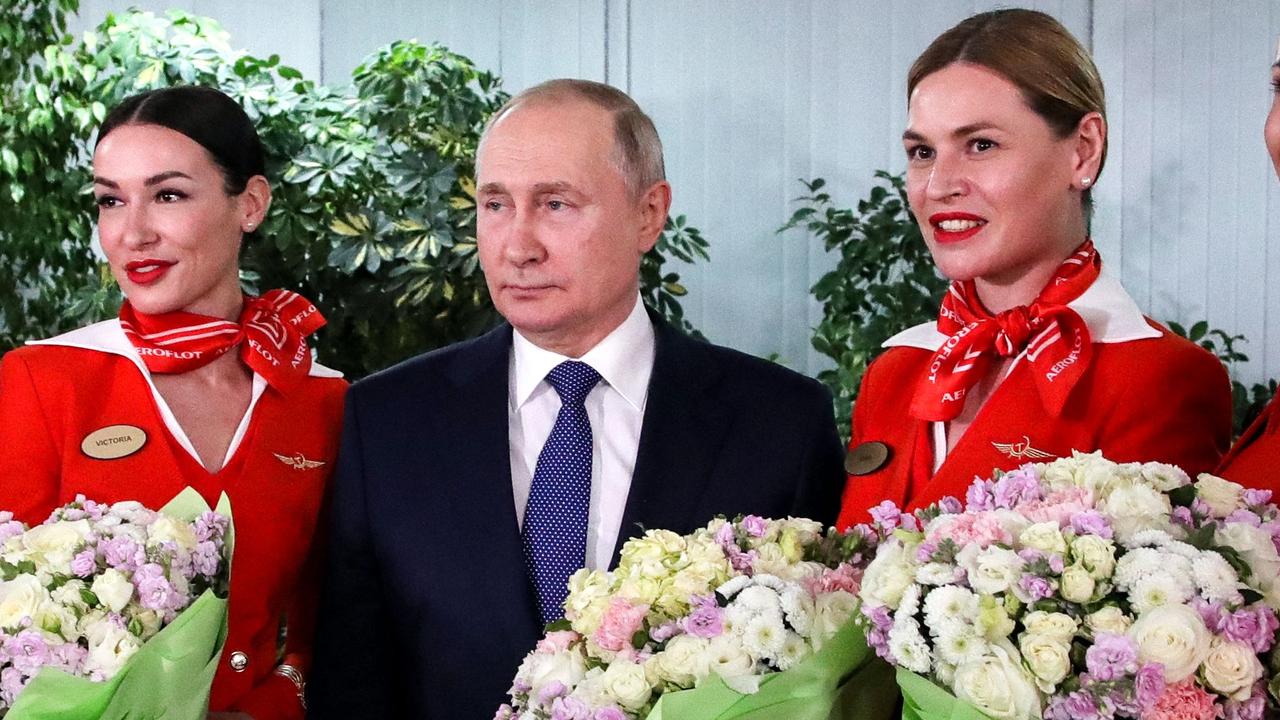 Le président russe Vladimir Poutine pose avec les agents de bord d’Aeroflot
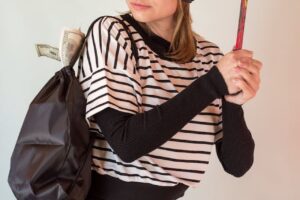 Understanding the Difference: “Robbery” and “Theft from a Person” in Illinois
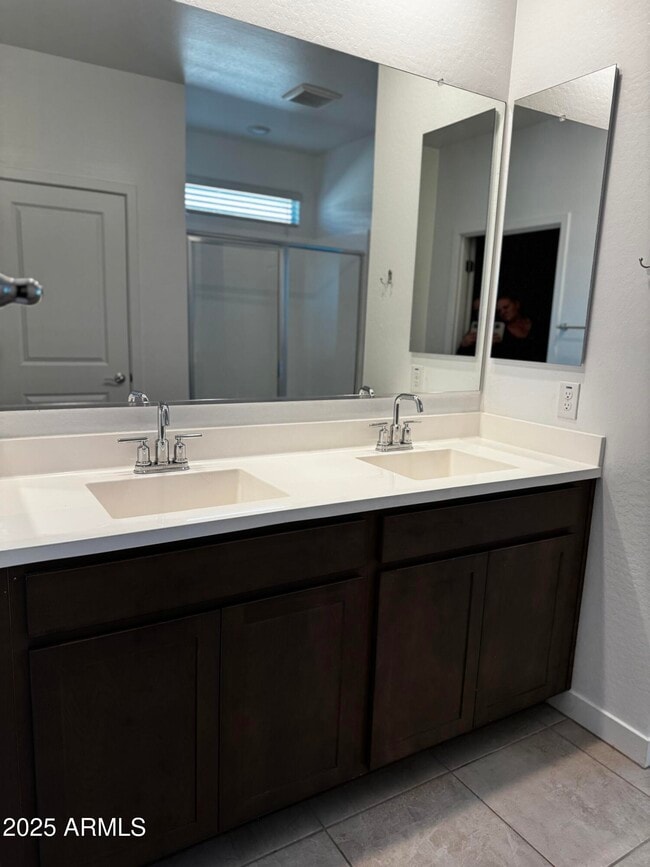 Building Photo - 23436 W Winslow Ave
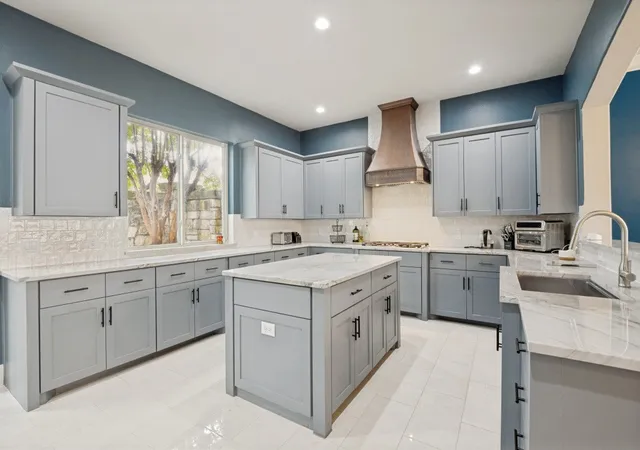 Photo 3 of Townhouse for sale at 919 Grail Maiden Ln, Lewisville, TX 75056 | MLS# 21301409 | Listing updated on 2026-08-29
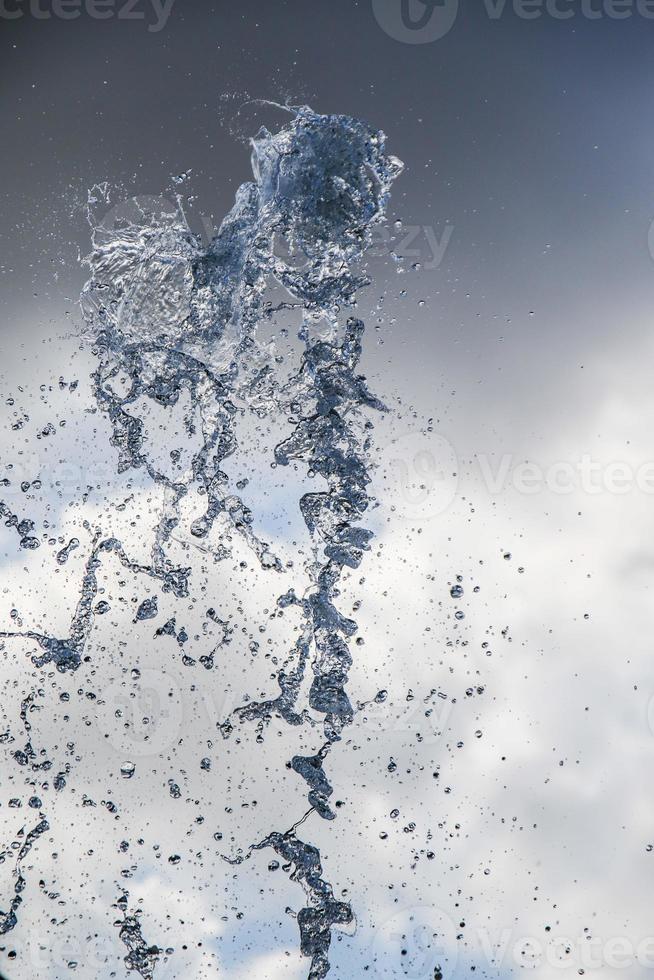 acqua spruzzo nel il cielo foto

.....

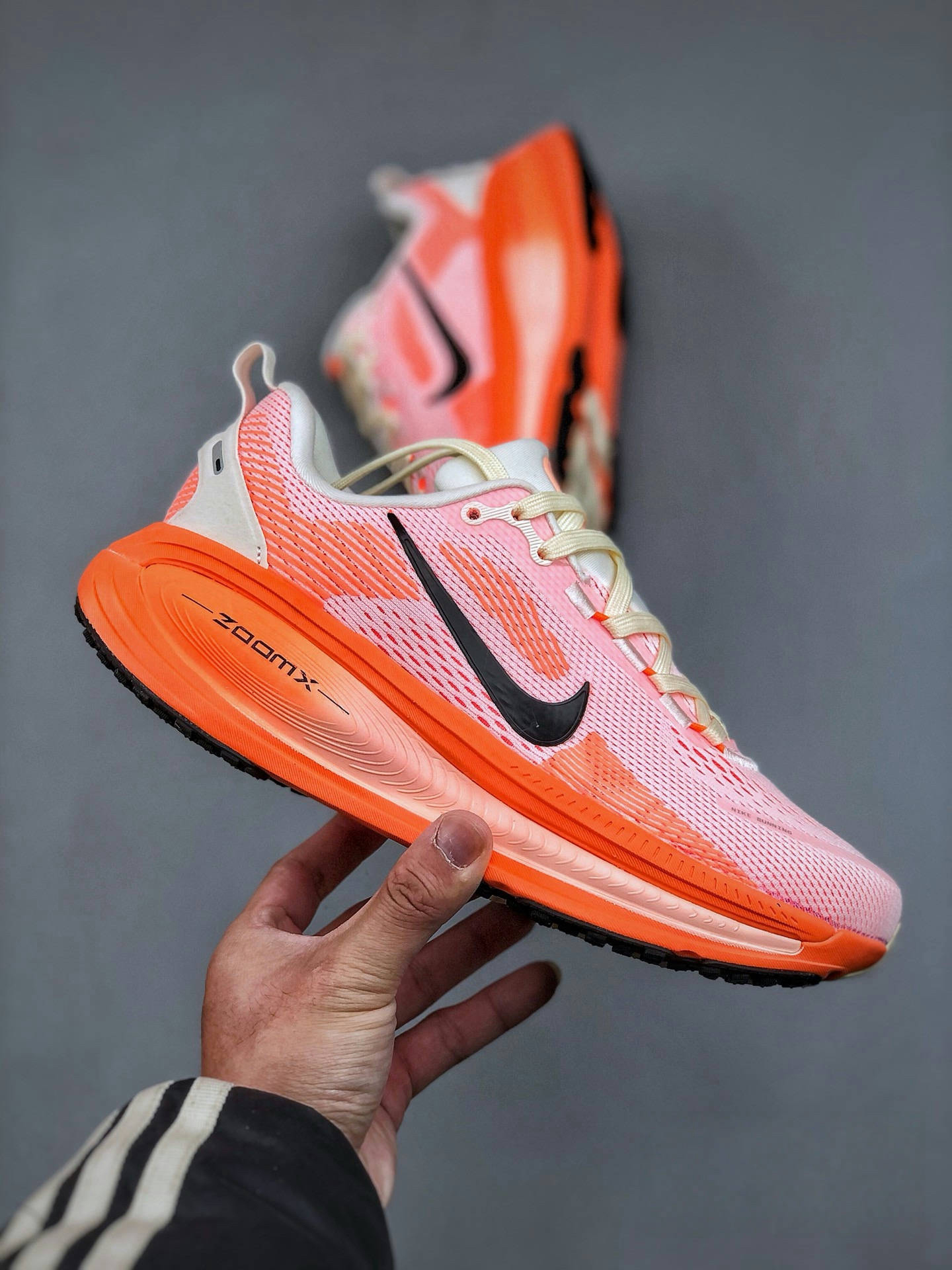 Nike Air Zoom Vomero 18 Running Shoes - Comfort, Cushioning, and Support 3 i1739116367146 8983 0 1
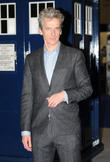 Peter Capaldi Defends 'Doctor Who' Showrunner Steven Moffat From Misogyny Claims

.....

Within the entries above, the lines from the one containing "Photo 3 of Townhouse" through the one containing "acqua spruzzo nel il cielo foto" are to be transcribed exactly, ends included, pictures excluded.

 Photo 3 of Townhouse for sale at 919 Grail Maiden Ln, Lewisville, TX 75056 | MLS# 21301409 | Listing updated on 2026-08-29
 acqua spruzzo nel il cielo foto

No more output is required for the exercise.